Still, with ample suspense and atmosphere, the show will appeal to crime-caper addicts and anyone who wants more of the movie’s ready-for-ice-fishing-you-betcha vibe. (Noah Hawley wrote the series; the executive producers include Joel and Ethan Coen.) As one might expect in our era—which some are calling a second Golden Age of television—the photography is satisfyingly cinematic. So, for that matter, is the sound: in one transition, the labored breathing of a dying deer segues into the rattle of a broken washing machine in an unhappy household.
Freeman nails his character, the nebbishy insurance salesman Lester Nygaard, who makes Willy Loman look like Julius Caesar. Clumsy and frequently tongue-tied, with circles under his wary eyes, Lester manages to bungle both his personal and professional lives. “What happens if you have an accident at your job?” he demands desperately of a potential life-insurance customer who has visited Lester’s office. “I work at the library,” the prospect replies.

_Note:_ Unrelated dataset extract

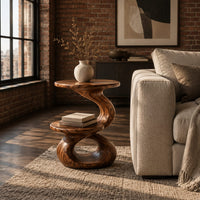 Two tier side table with a twisted stem and a figure eight base in an industrial loft living room with exposed brick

In a turn of events reminiscent of Hitchcock’s Strangers on a Train, or even the first season of Breaking Bad, Lester’s frustrated Everyman suddenly finds himself plunged into a chilling criminal world. Here, he has to negotiate a relationship with Lorne Malvo (Thornton), a scary loner with an amoral worldview. “Your problem is, you spent your whole life thinking there are rules. There aren’t,” Lorne tells a panicked Lester.
Of course, there are rules for the story’s law enforcement characters, who include Deputy Bill Oswalt (Bob Odenkirk of Breaking Bad) and Deputy Molly Solverson (Allison Tolman, whose stolid, determined character recalls Marge Gunderson). Colin Hanks plays Deputy Gus Grimly, a Duluth policeman who, as a single dad on the beat, stays in touch with his kid via walkie-talkie. (“You brush your teeth? Over.”)

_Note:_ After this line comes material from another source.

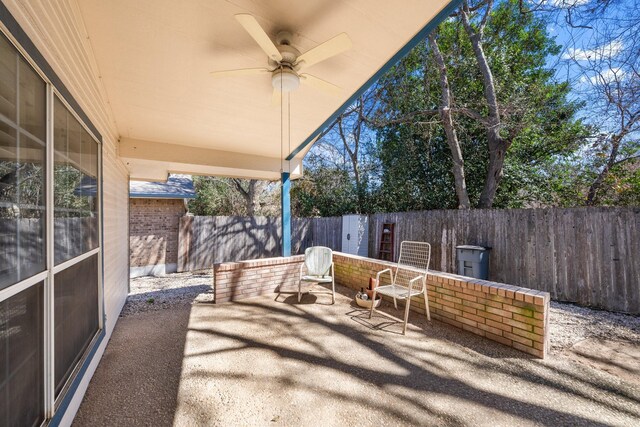 125 Terrace Ln E, Kerrville, TX 78028 - fenced backyard featuring a patio and a ceiling fan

Another dominant presence in the story is the frigid Minnesota environment: the frozen fields stretching out on either side of the highways; the heaps of snow edging the sidewalk; the cold that fogs the characters’ breath when they talk outdoors in their heavy coats and hats with earflaps. The pilot episode dwells so lovingly on the weather conditions that you begin to think the prospect of revisiting the film’s setting—which must seem exotic to VIPs in America’s bicoastal-based film and television industry—was additional motivation for the series.
A previous effort to adapt Fargo for television, with Edie Falco as Marge Gunderson, collapsed after the filming of a pilot, which was eventually screened as a one-off in 2003. That ill-fated venture didn’t scare off the creators of this new version, who seem to have carefully considered the ramifications of throwing caution to the wind. More than once in the first FX episode, the camera lingers on a poster in Lester’s basement. Showing a school of swimming fish, and one contrarian fish heading in the opposite direction, the poster reads: “What if you’re right and they’re wrong?”